Few bands in heavy music are as polarising right now as Code Orange. Love them or hate them it feels like almost everyone interested in heavy music has something to say about them. At the centre of it all is Jami Morgan (drums/vocals) who is effectively the spokesperson for the band. His brash and confident attitude divides opinions as much as their music does. We were able to catch up with him before Code Orange took to the stage at Brixton Academy to support Trivium.

So I guess just to get started how have these shows with Trivium been for you?

Jami: It’s been going well. It’s a new crowd which has been great.

When you say it’s a new crowd, have you noticed that Trivium fans are super die-hard for that band. Have they been enjoying you or has it been a bit split?

Jami: We’ve been doing really well on merch and stuff so some are definitely taking to us. But I mean we don’t care we just do our shit, we get right in their face and fucking bring it.

Like that photo that’s been going around shows, it just sums up what you guys are like perfectly.

Jami: Aha you liked that one then. But really a lot of crowd dig what we’ve done. There’s always some guy who’s like “fuck off, fuck off man”. But we’re just like “fuck you” and I’ll point him out. But tonight I think we’re gonna have a lot of fans in.
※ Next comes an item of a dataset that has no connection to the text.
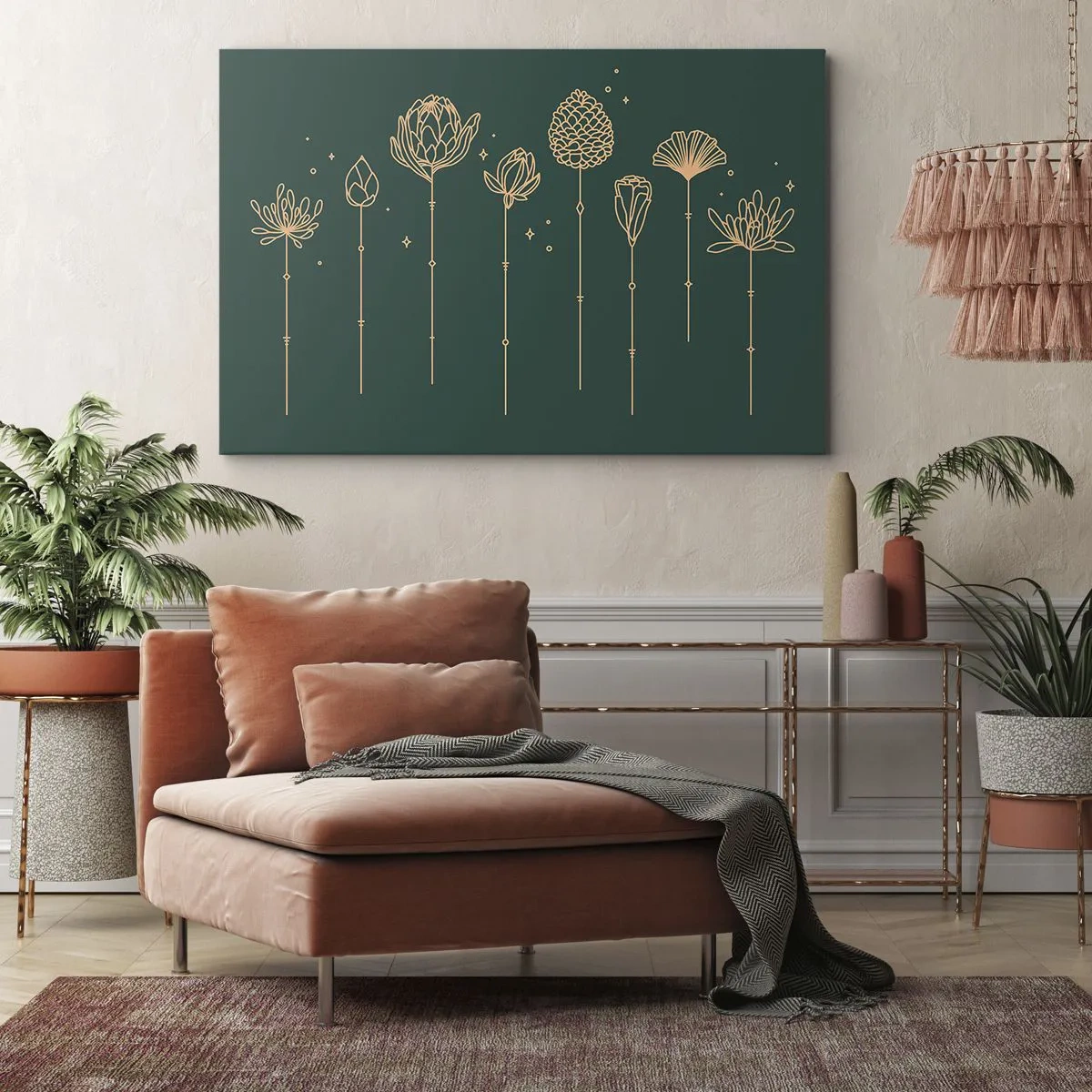 Cuadro sobre lienzo - Impresión de Imagen - Dibujos dorados de hierbas sobre un fondo verde oscuro. - 70x50cm - La familia vegetal - Decoración de pared moderna para salón y dormitorio ARTTOR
So do you think fans are becoming more open to different styles of heavy music? Like whilst certain scenes still exist do you find people aren’t just sticking to the one scene they came from?

Jami: Oh yeah I completely agree.

With you coming from a hardcore background it sometimes feels like that scene pushes back against bands trying to break out and get bigger. Have you felt this at all since the release of Forever, where you really started to try new things?

Jami: I feel like we started off with a lot of weird stuff anyway. I Am King was a lot more consolidated because we wanted to rebuild then. But then we’ve just added those elements back in as well as some new ones. We were always weird, we were always not suited or accepted. So we don’t really give a fuck. We get backlash fuck yeah but we don’t care who gives a shit right?

Does it almost fuel you?

Jami: Yeah exactly. But it’s not just from hardcore we get backlash from everywhere, who doesn’t nowadays. Go on instagram or anything and look at the comments.

Yeah, that you’re more anonymous online means people will feel like they can get away with criticism more.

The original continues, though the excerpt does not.